Se c’è una voce narrante di questi anni zero, è quella di Vasco Brondi. In un mercato discografico vorace, superficiale, un presente da “Guerra lampo pop” che macina dischi e personaggi lui risale la corrente nel verso opposto, con ritmi lenti, quasi anacronistici; ma più adatti a comprendere più che a stare in scia.
Costellazioni è un lavoro intenso e complesso, è un vero e proprio vademecum per la comprensione della cosiddetta “modernità”, quella che a dispetto del decantato progresso sta facendo regredire la nostra società e con essa, in qualche modo, anche i rapporti umani.
Ci sentiamo di più, ma sentiamo sempre meno: “strana l’intimità nell’età della tecnica/ tre generazioni impreparate alla povertà”. Mentre i lavori precedenti erano più essenziali e “gridati”, Costellazioni indaga zone nuove, apre prospettive diverse. “…forse si trattava di dimenticare tutto come in un dopoguerra/ forse si tratta di fabbricare quello che verrà” in questi versi de “Le ragazze stanno bene”, una delle vette musicali ed emozionali del disco, ritrovo il cambio di marcia de Le Luci, la presa d’atto di ciò che siamo, di ciò che viviamo per potere da qui costruirci un senso, un futuro a nostra immagine, ridimensionato forse, ma pur sempre nostro.
Il terzo lavoro di Vasco Brondi è la sintesi di due lavorazioni diverse del disco: la prima realizzata insieme a Federico Dragogna de i “Ministri” ed una seconda con una vera e propria band alla ricerca di un sound più caldo e pregnante.

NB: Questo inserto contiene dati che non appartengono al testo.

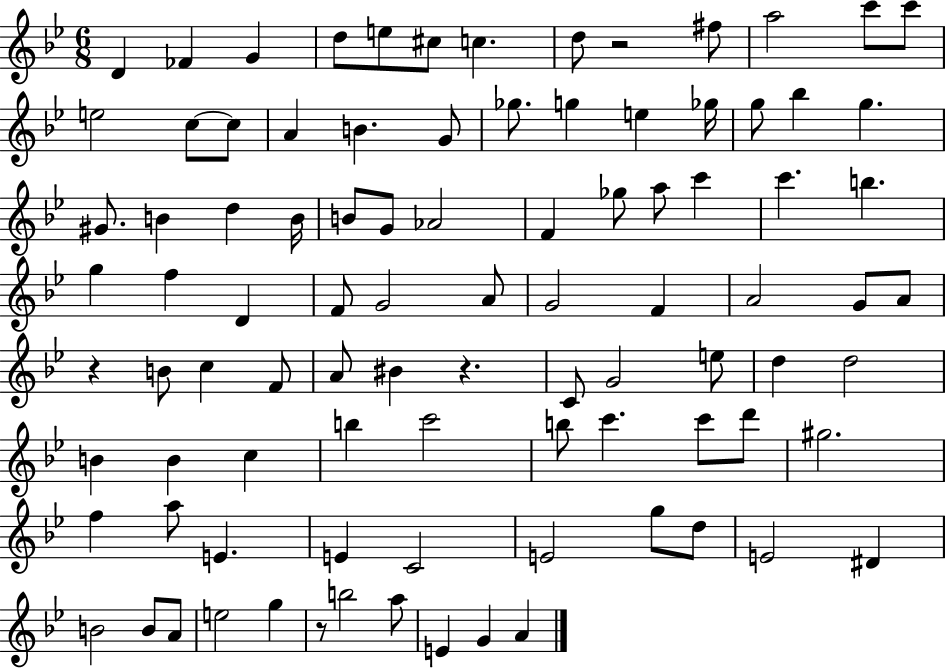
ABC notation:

X:1
T:Untitled
M:6/8
L:1/4
K:Bb
D _F G d/2 e/2 ^c/2 c d/2 z2 ^f/2 a2 c'/2 c'/2 e2 c/2 c/2 A B G/2 _g/2 g e _g/4 g/2 _b g ^G/2 B d B/4 B/2 G/2 _A2 F _g/2 a/2 c' c' b g f D F/2 G2 A/2 G2 F A2 G/2 A/2 z B/2 c F/2 A/2 ^B z C/2 G2 e/2 d d2 B B c b c'2 b/2 c' c'/2 d'/2 ^g2 f a/2 E E C2 E2 g/2 d/2 E2 ^D B2 B/2 A/2 e2 g z/2 b2 a/2 E G A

Il risultato è un disco che coniuga queste due facce della stessa medaglia musicale, dividendosi un po’ a metà con una prima parte molto ricca e pregna di arrangiamenti e colorazioni, per poi passare ad una sorta di lato b (in rigoroso ordine di scaletta) in cui i pezzi sono più essenziali, come ad esempio “40 Km”.

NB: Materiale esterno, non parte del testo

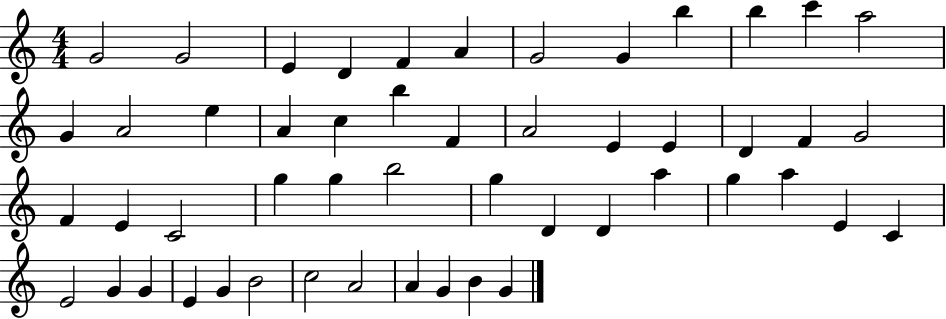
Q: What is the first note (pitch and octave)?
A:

Musicalmente questo disco indaga vari generi, dal classico stile de Le luci fino ad incursioni elettroniche che richiamano alla mente i CCCP in “Ti vendi bene”, vera sorpresa di questo album in cui ci si trova a cantare e a ballare, incredibile, ma vero ed il tutto funziona davvero alla grande.
I riferimenti culturali e musicali toccano i tasti giusti, come ad esempio in “Sonic Youth”: “c’era un rumore in lontananza, ma eri tu che ascoltavi gli Smiths e i Sonic Youth” parole che destano gli animi di una generazione poco avvezza a specchiarsi nelle hit usa e getta. Le citazioni di Battiato e De André in “Una cosa spirituale”. Canzoni, quelle di Brondi, non facili da gestire sul momento, ma in cui con pazienza puoi ritrovare le tracce di questi giorni frammentari, di questi anni che non lasceranno nemmeno “belle macerie”.
Apparentemente queste canzoni parlano solo ad alcuni, ma lasciatesi alle spalle le diffidenze le parole di Vasco, veicolate da suoni nuovi riescono a parlare di tutti, senza necessariamente dover tirare fuori le rime ormai violentate da troppe canzoni.
A volte per capire veramente come siamo abbiamo bisogno di farcelo raccontare da altri: questo disco è il racconto necessario. Se, ad oggi, dovessi lasciare un disco per descrivere questi anni, Costellazioni sarebbe quel disco.